As you can see, the timings are now similar. If you want to play with WaffleGrid, grab the current code from launchpad at lp:~y-trudeau/wafflegrid/cream-5.4-tree. It is a full tree so… be patient. Use the build scripts showing memc in their name. For more information, you can also go to www.wafflegrid.com.

Remember, the project is still fairly young, don’t put any valuable data on WaffleGrid yet. Coming next, apart from making the table filtering more dynamic, I would like to add an exclusion list instead of just the current inclusion list. Of course, we also need to test WaffleGrid much more and for that we need help. If you test and find bugs, please use Launchpad at https://code.launchpad.net/wafflegrid to report the bugs you found.

You know you have really screwed up when …

2009-06-18 Matthew Yonkovit

You crash MySQL/Innodb and you trace the error to a function that says:

“This function checks the consistency of an index page when we do not
know the index. This is also resilient so that this should never crash
even if the page is total garbage. ”

Oops… I guess its not that resilient after all:)

Waffle Grid Like Features in EnterpriseDB

2009-06-18 Matthew Yonkovit

Yves pointed this out to me:

http://www.internetnews.com/software/article.php/3825426/

“Moving beyond just providing Oracle compatibility, EnterpriseDB is adding new scalability features to their database. One of them is a feature called ‘”Infinite Cache,” which is based on the open source memcached application.

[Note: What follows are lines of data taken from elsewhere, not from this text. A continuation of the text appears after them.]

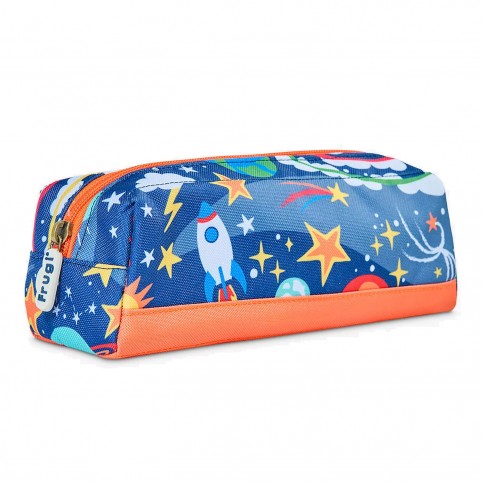 Trousse Recycl&eacute;e Explore The Stars
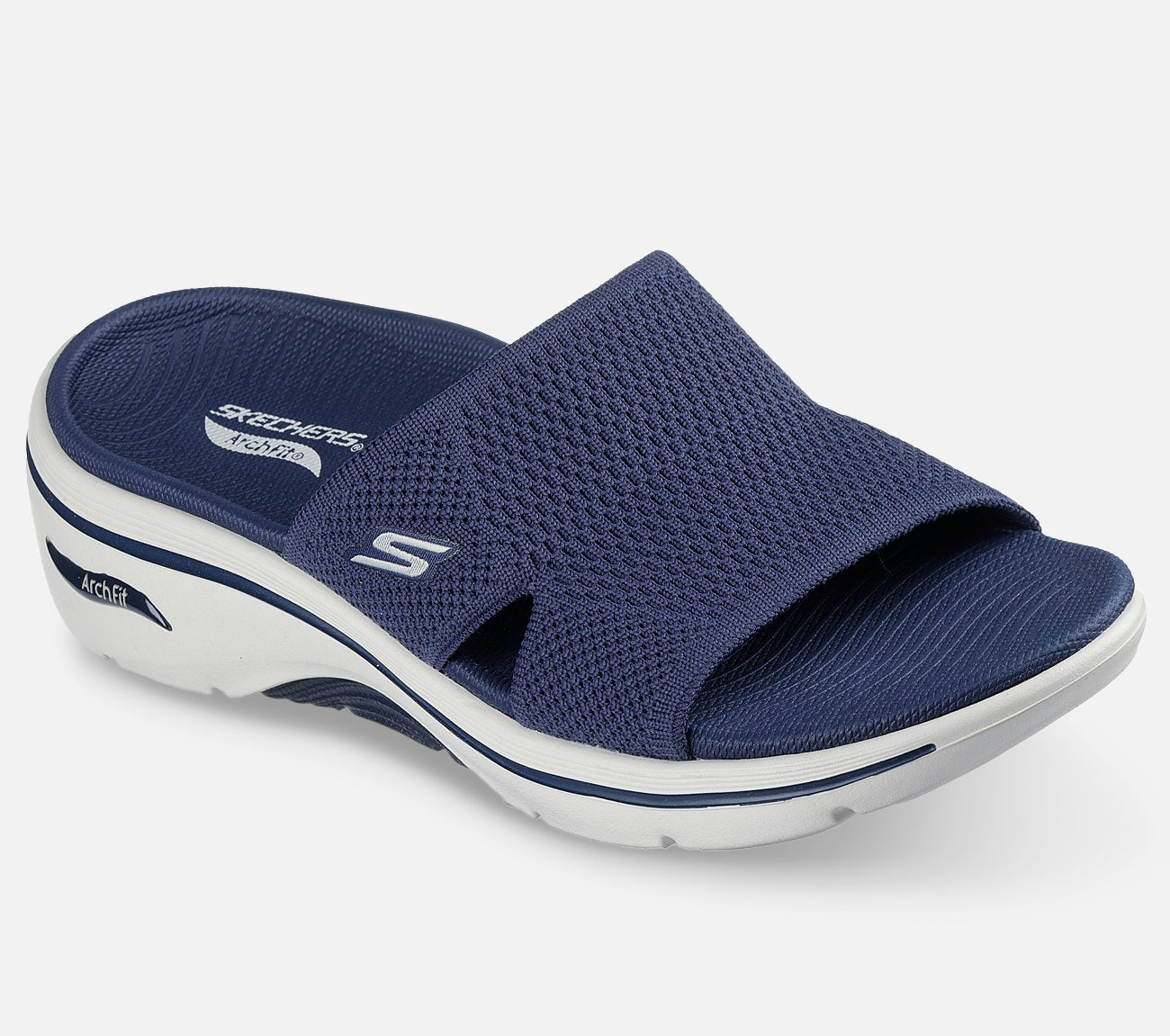 GO WALK Arch Fit 2.0 Sandal - Dakota Sandal Skechers.fi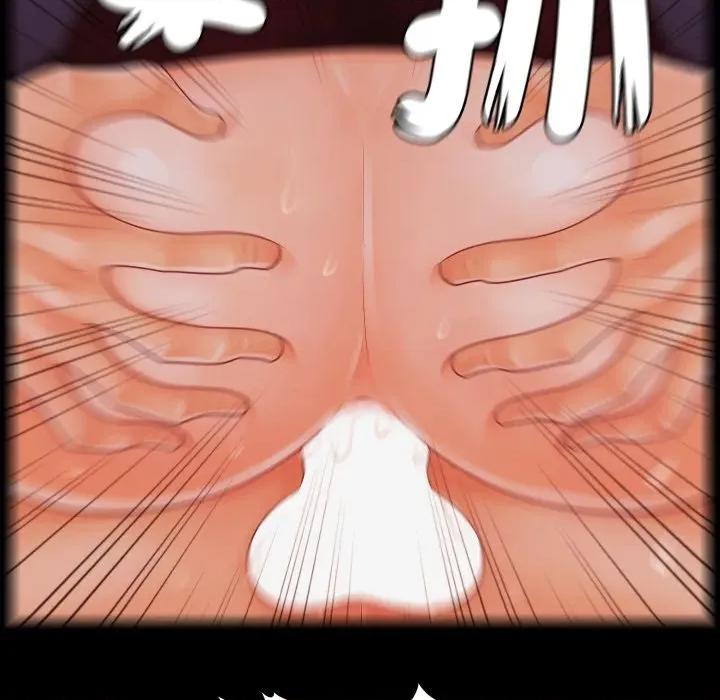 秘書的難言之隱 祕書的難言之隱-祕書的難言之隱 第35話 第58页
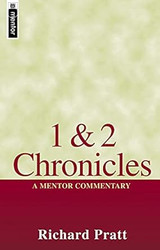 1 & 2 Chronicles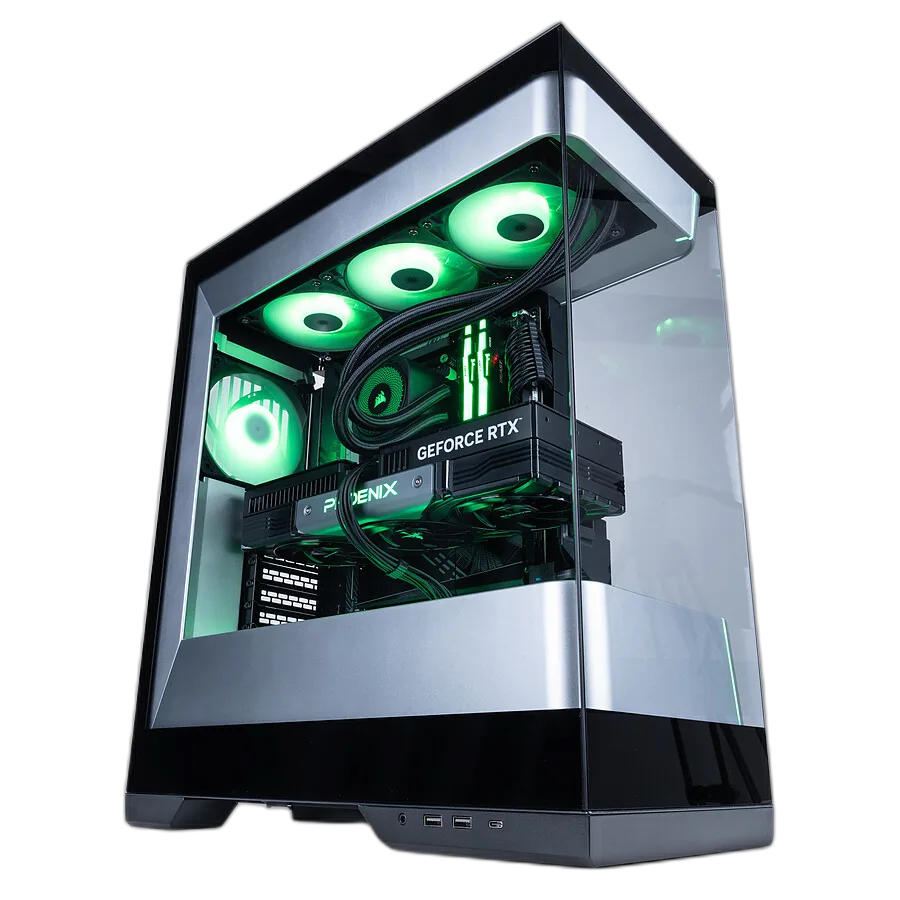 PC Gamer THOR V1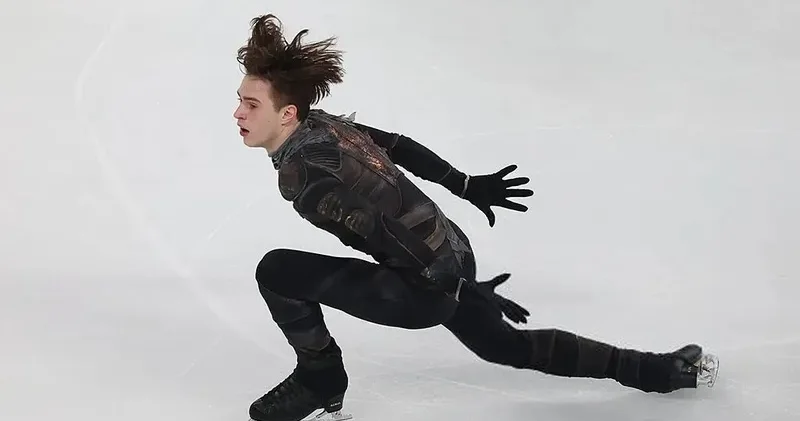 Төрт құрлық чемпионаты: Михаил Шайдоров мәнерлеп сырғанаудан қысқа бағдарламада төртінші орынға ие болды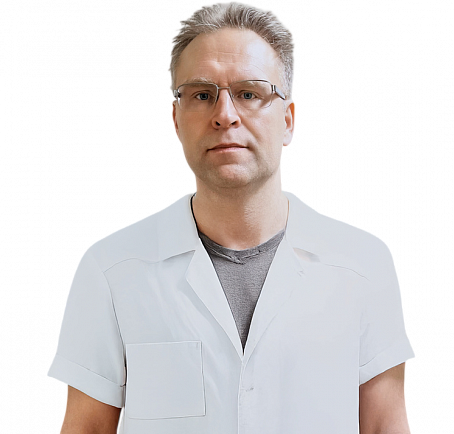 Дымов Алексей Александрович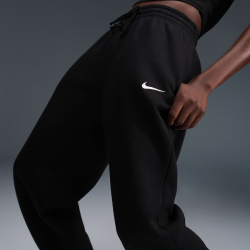 NIKE Sportswear Phoenix Fleece High-Waist Oversize Jogginghose Damen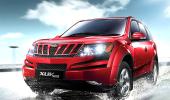 Force One SX vs Mahindra XUV 500: Which is better?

Mlodgenski commented that distributed memory caches are common, though management from a system management and a database perspective is often difficult.

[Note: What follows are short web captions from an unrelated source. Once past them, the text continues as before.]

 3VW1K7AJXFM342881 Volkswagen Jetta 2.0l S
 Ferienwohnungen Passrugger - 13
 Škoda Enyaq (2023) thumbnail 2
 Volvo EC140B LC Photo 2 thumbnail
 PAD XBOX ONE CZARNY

“What we did is we took the distributed memory cache that was sitting in front of the database and put it behind the database,” Mlodgenski said. “This allows a simple SQL (define) interface for developers that allows access to the distributed memory cache and now the system management overhead is handed by the database itself.”

Mlodgenski added that Infinite Cache leads to a 10x to 20x performance gain for read application loads. ”

You can read more here:

http://www.enterprisedb.com/docs/en/8.3R2/perf/Performance_Guide-02.htm

and here:

http://www.enterprisedb.com/products/postgres_plus_as/overview.do

I guess it justifies that Waffle is a good idea.

Testing Waffle

2009-06-11 Matthew Yonkovit

So Ronald Bradford has been getting some EC2 AMI’s setup for Waffle the last couple of days. Really he is the first person to work with us on testing out the 0.5 cream release. It’s funny but when you are heads down in the code you tend to overlook some of the easy and obvious bugs. Just by having him walk through the install we have opened up several new bugs and come up with some new Idea’s on how to make things easier in the future. I hope by early next week we can have some of annoying bugs fixed and code pushed to launchpad. When that happens I would encourage others to give it a whirl and help us make Waffle Grid better performing, more user friendly, and more stable.

You can check out some of the bugs here.

Thanks to Ronald for his help on this!